Managing Your Probate Estate
Since many probate estates have limited liquidity, they’re often difficult to manage. If an estate doesn’t have enough liquidity to probate, an executor or beneficiary might need to sell their valuable assets. If an estate is sold, beneficiaries and heirs cannot claim the decedent’s assets or property. This is true even if the beneficiary or heir is the decedent’s surviving spouse or another family member.
HCS Equity offers private loans that help solve a myriad of estate issues and provide flexibility for the administrator in order to carry out the deceased person’s wishes, assist each beneficiary in receiving their share of the inheritance without being forced to part with valuable family property, and allow heirs to maximize the value of their inheritance.
That’s why it’s so important to understand the probate process and how to manage a probate estate. Without this insight, it isn’t easy to ensure an estate can make its way through probate court. Here’s what you need to know about the probate process and managing a probate estate.
Hire the right attorney.
Depending on state laws, you’ll likely want a law firm on your side during the probate process. Probate court can be overwhelming for you, your spouse, and your family members. An attorney can act on behalf of the estate, help file important papers, and negotiate with the probate judge. The right law firm may even be able to advise you on how to handle the decedent’s debts and remove estate liabilities. It’s also good to have an attorney if anyone contests the last will of the decedent or deceased person. While it doesn’t happen too frequently, individuals sometimes lay claim to the estate counter’s assets to what the last will says or what has been agreed.
This, naturally, holds up the legal process and is part of why it’s so important to have a personal representative. Not only will this help you through probate court, but it will also help you handle any unforeseen complications that may arise. When you meet with an attorney, you should have your paperwork in order. This may include the death certificate, any applicable deeds, estate planning documents, and other pertinent information. This makes it easier to navigate some of the administrative components of probate court.
Get a probate loan.
During the probate process, you’re often liable for numerous expenses stipulated by the estate plan. You’ll likely have to hire an attorney, conduct real estate maintenance on the decedent’s property, and handle any of the decedent’s outstanding debts or medical expenses. This is often overwhelming for trustees, which is why many end up selling a person’s estate. This doesn’t allow any of the decedent’s heirs to handle their remaining assets and may mean parting with real property with distinct monetary value and sentimental significance.

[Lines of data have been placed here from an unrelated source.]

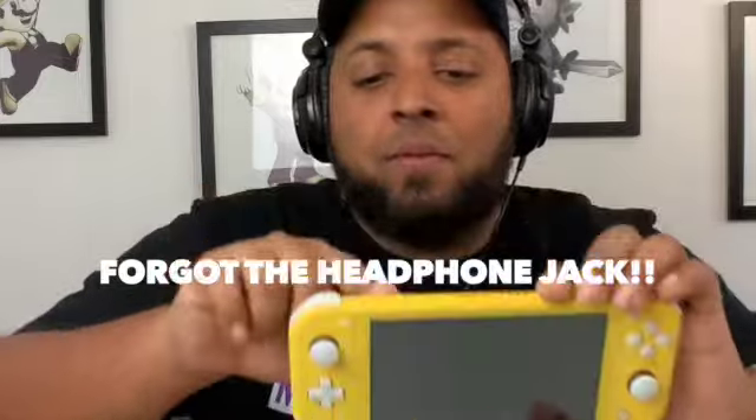On the other side we have the volume rockers and the power button, and on the bottom we have the USB-C charger and the SD slot for extra storage. Now this version cannot be docked in order to see video on screen — Nintendo has removed that option because it's only meant to be used handheld. So we have the Nintendo Switch Lite and the adapter.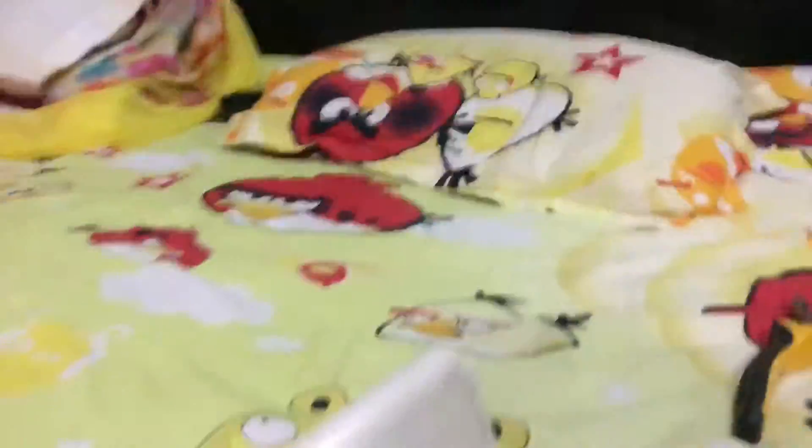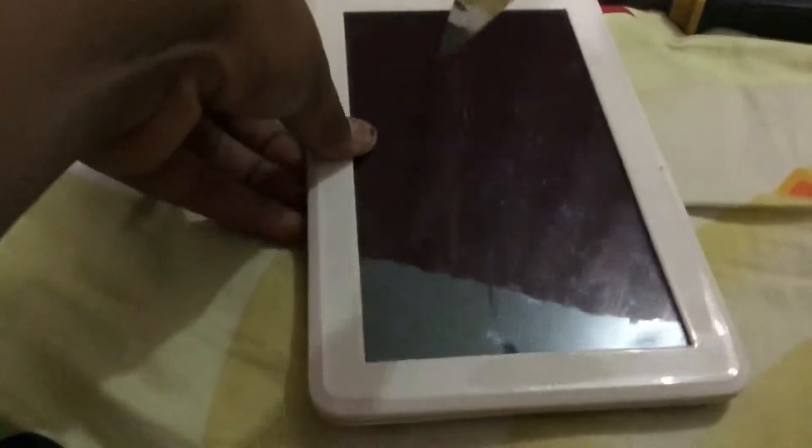Now we have to scratch it fully. Some scratches here on the side — we're going to scratch it sideways. This thing is pretty hard, you can see.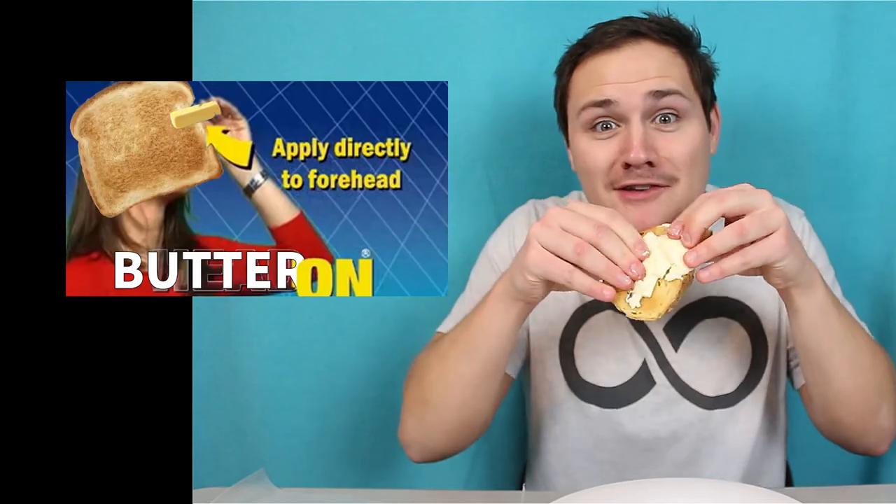Look at that. Look at it work. It worked! Look at the way it applied the butter directly to the toast.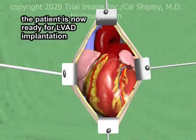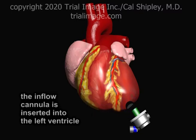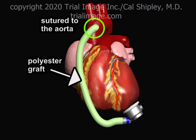Once the patient has been safely placed on cardiopulmonary bypass and the heartbeat has been stopped with cardioplegics, the implantation procedure for the LVAD may proceed. The surgeon uses a specialized coring tool to create a tunnel through the wall of the left ventricle at its apex. The inflow cannula of the pump is then inserted through the tunnel into the left ventricle. The collar of the LVAD pump is affixed to the left ventricle with a series of sutures. A grafting tube, typically made of polyester, is attached to the LVAD pump and sutured to the ascending aorta.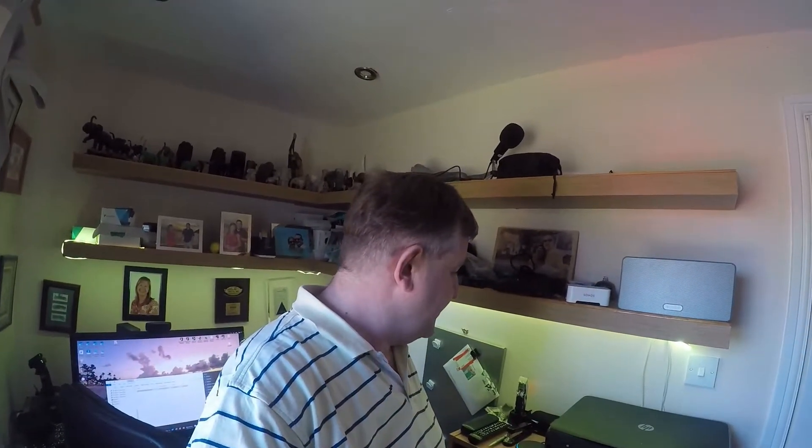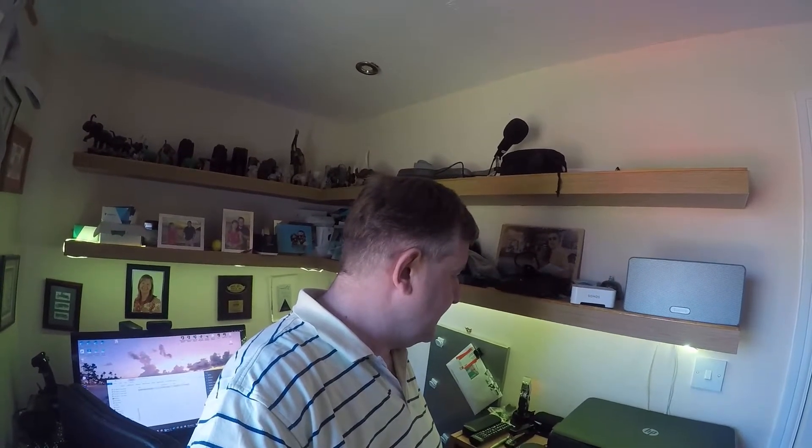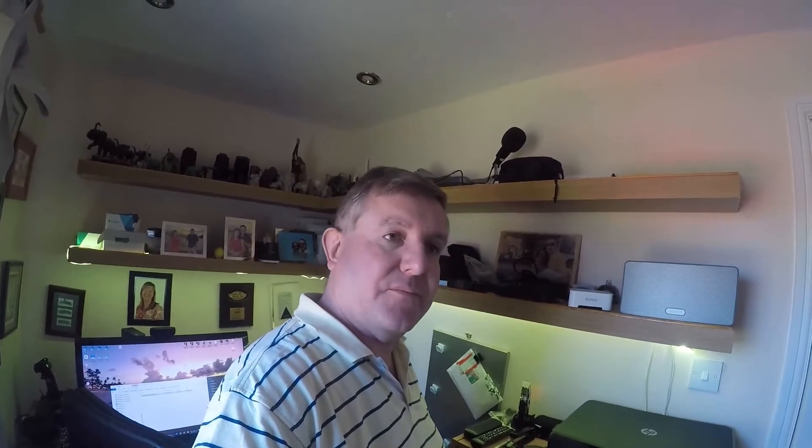Alexa, play Bruce Springsteen upstairs. Shuffling songs by Bruce Springsteen on Amazon Music, playing on upstairs.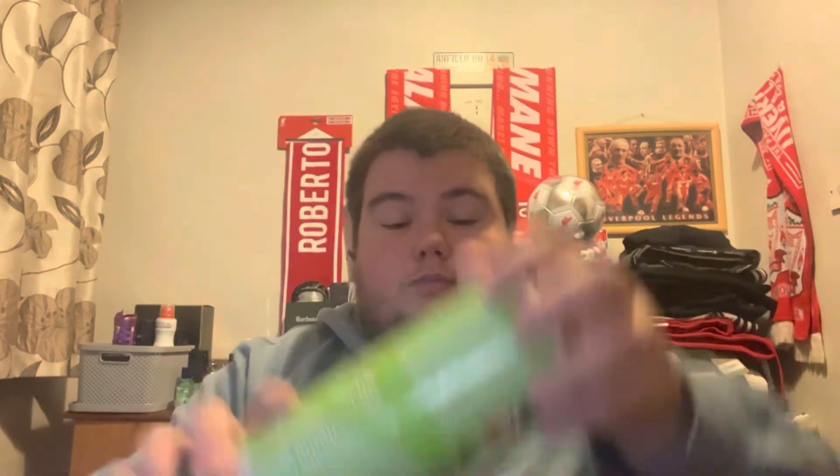I thought I was going to be worried that I didn't like these, but these all did cost two pounds from Tesco's.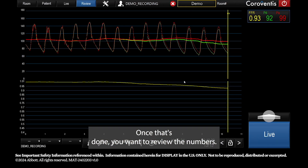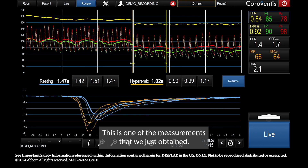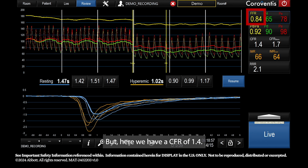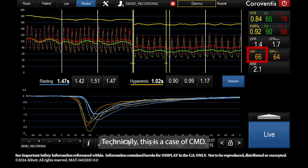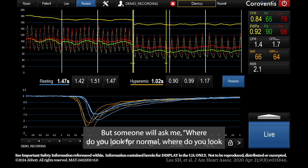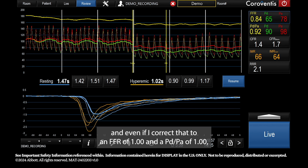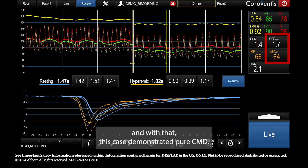Once done, review the numbers. Here we go — FFR is 0.84, though I prefer the value recorded at the end as it's more stable. We have a CFR of 1.4 and an IMR of 66. Technically this is a case of CMD. RFR is also consistent, being less than 3.5, meaning resistance throughout the whole cycle was abnormal. Even if I correct to an FFR of 1 and a PD over PA of 1, I still have a very abnormal CFR and IMR. This case demonstrates pure CMD.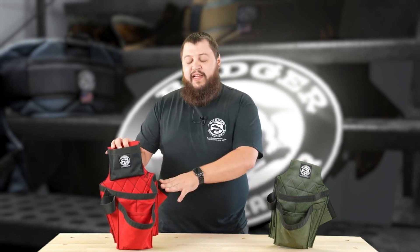At face value, you're not going to see a whole lot of difference between these two bags. The biggest difference you will notice is on the Carpenter's bag — we have this tape pouch up top. That makes this bag stand at about 14 inches tall, where our Trim Carpenter's bag stands at about 11 inches tall.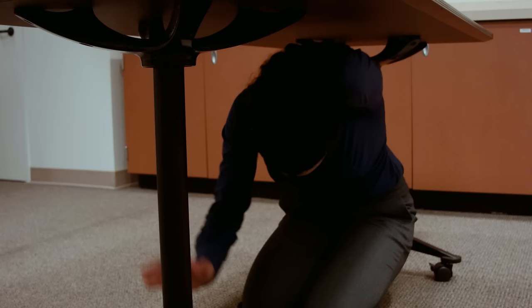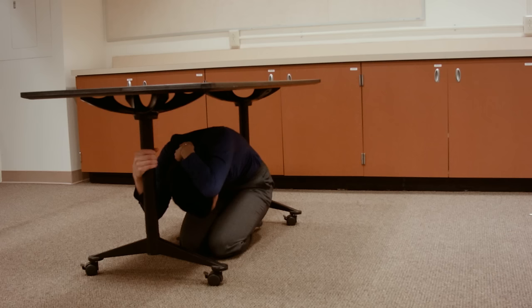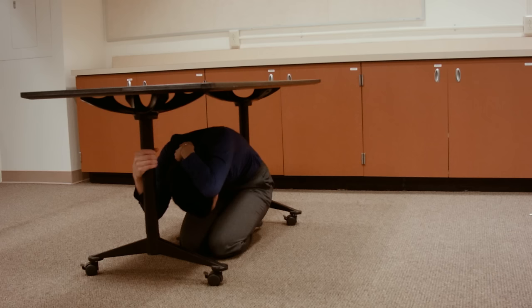Finally, hold on by gripping a table leg or other part of your shelter. Continue protecting your head and neck with your other arm. Remain on your knees and bent over, ready to move with your shelter when it shifts during the shaking.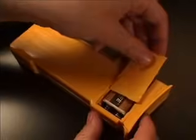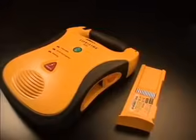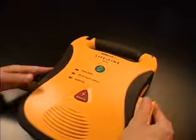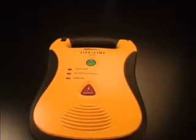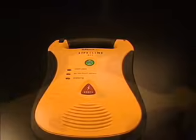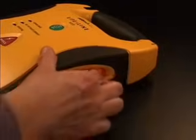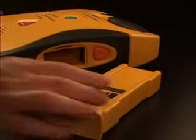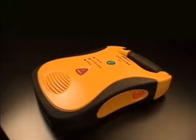If a 9-volt battery is installed in the battery pack, when the battery pack is inserted, the Lifeline AED will automatically run a self-test to confirm that the battery pack is ready to perform a rescue. Remove the battery pack by pressing the battery eject button until the battery pack is partially ejected; it may then be completely removed by pulling it out.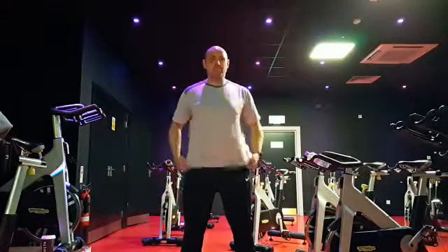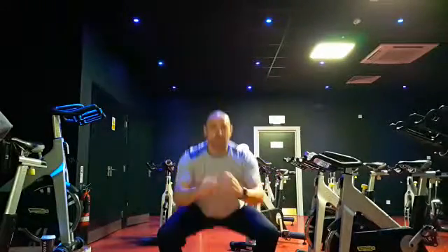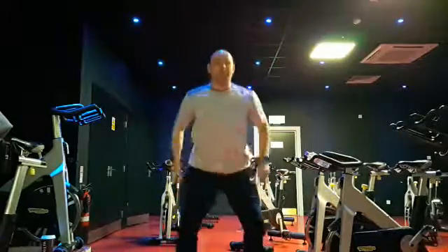Feet shoulder width apart, keep your heels on the floor, drop your hips down, keep your head and chest up, squeezing the knees out, set your bum down and back.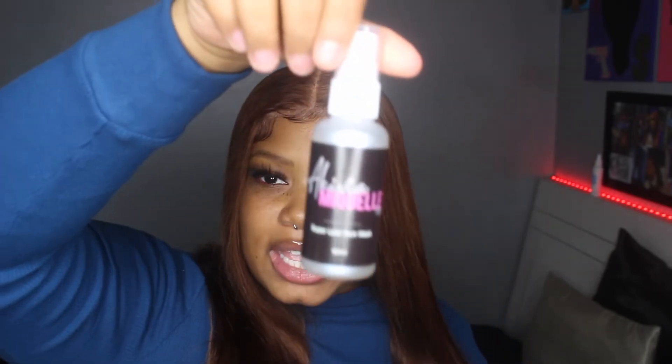We're going to go in with a skin mask — it's like a prep spray. I got mine from Akivia Miquelle and I can definitely tell a difference in my installs. This is optional because obviously I wasn't using it all the time, but you can always use it and it's like $12.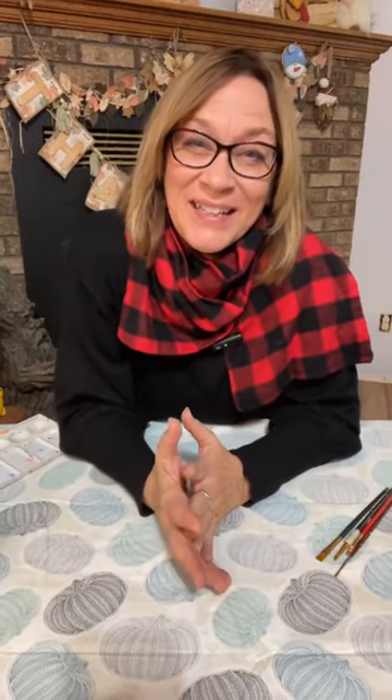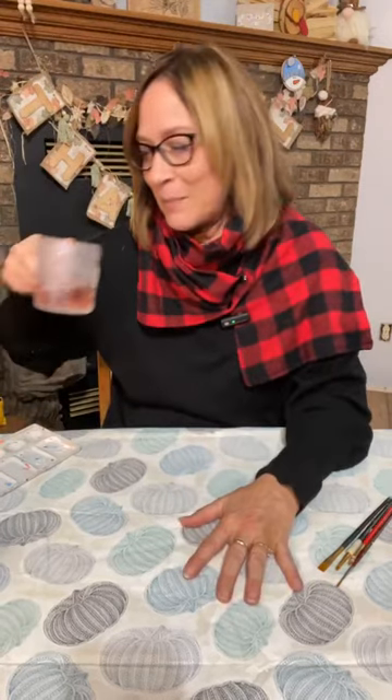Hi there, Michelle from Crafty Surveys. We're going to make a cute simple little snowman decoration for your mini trees. It's cute and fun, and it's not going to take long. We're going to do a little painting. Come on, say hi, let me know you're out there.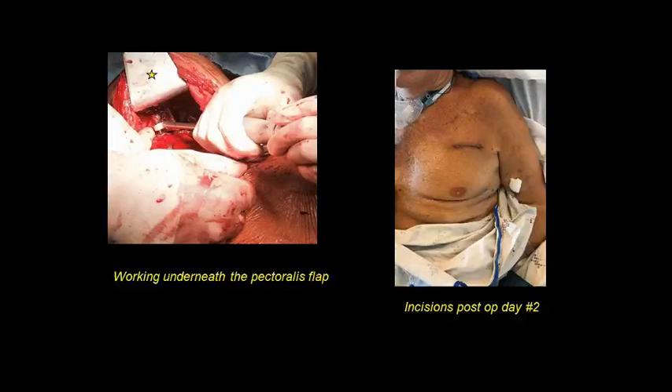Here are some pictures: on the left, a scapula retractor underneath the pectoralis with a right-angle drill placing screws into what I think was a fourth rib fracture anteriorly. On the right is a patient where we repaired ribs two through five anteriorly on the left side — you can see the small subclavicular incision and the inframammary one.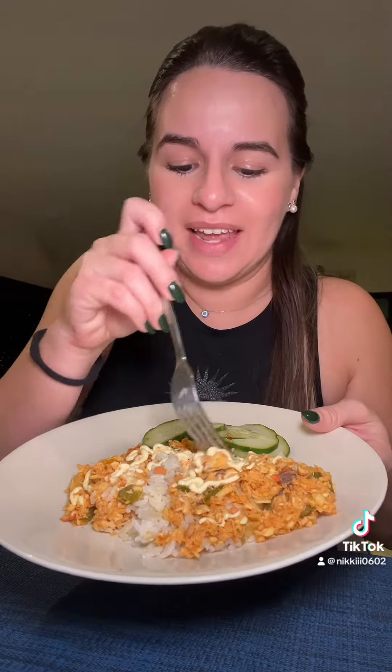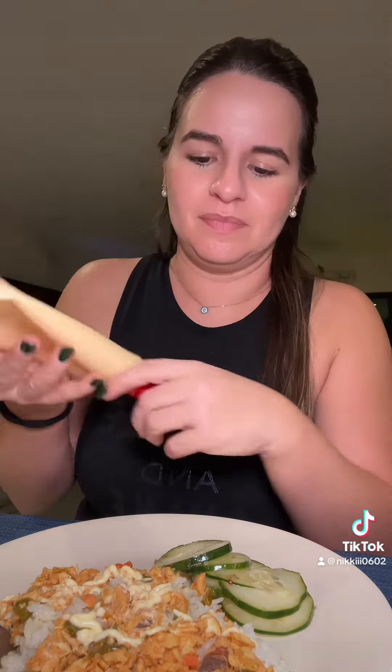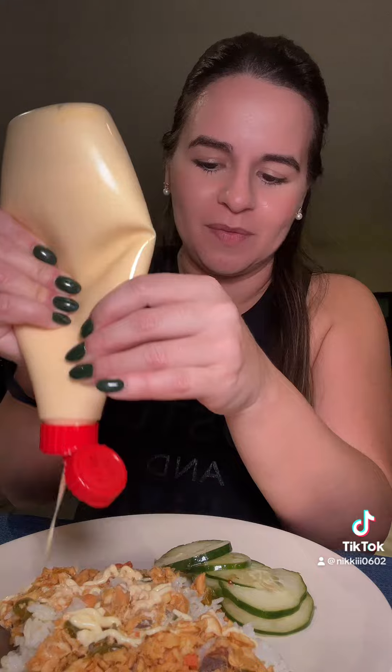For dinner tonight my mom made bacalao and I put some hot sauce over it. It has white rice under and then some cucumber salad with white Italian dressing, so I'm gonna put a little bit more over the top.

A probate loan can help you navigate the decedent’s estate without worrying about liquidity. In many cases, you can avoid selling the decedent’s assets and maximize the estate’s value. Probate loans can provide you with the estate funds you need to smooth out the process. This can also help you cover estate taxes and is a more reasonable option than going to a creditor or selling a life insurance policy to cover costs. It’s often in your fiduciary interest to get a loan if you’re at all concerned about covering the financial burden of the decedent’s estate.
It often takes time.
If the probate process seems like it’s dragging on, that’s because it might be. As such, it’s important to be patient when you’re managing a probate estate. Even with the right law firm on your side and a probate loan, it may take a while for your case to progress. This can even vary depending on state probate laws. With the right assistance and a smart personal representative, it’s more likely that you’re going to have a smooth probate process. As long as you’re willing to take the time and care it requires, you’re liable to maximize the estate.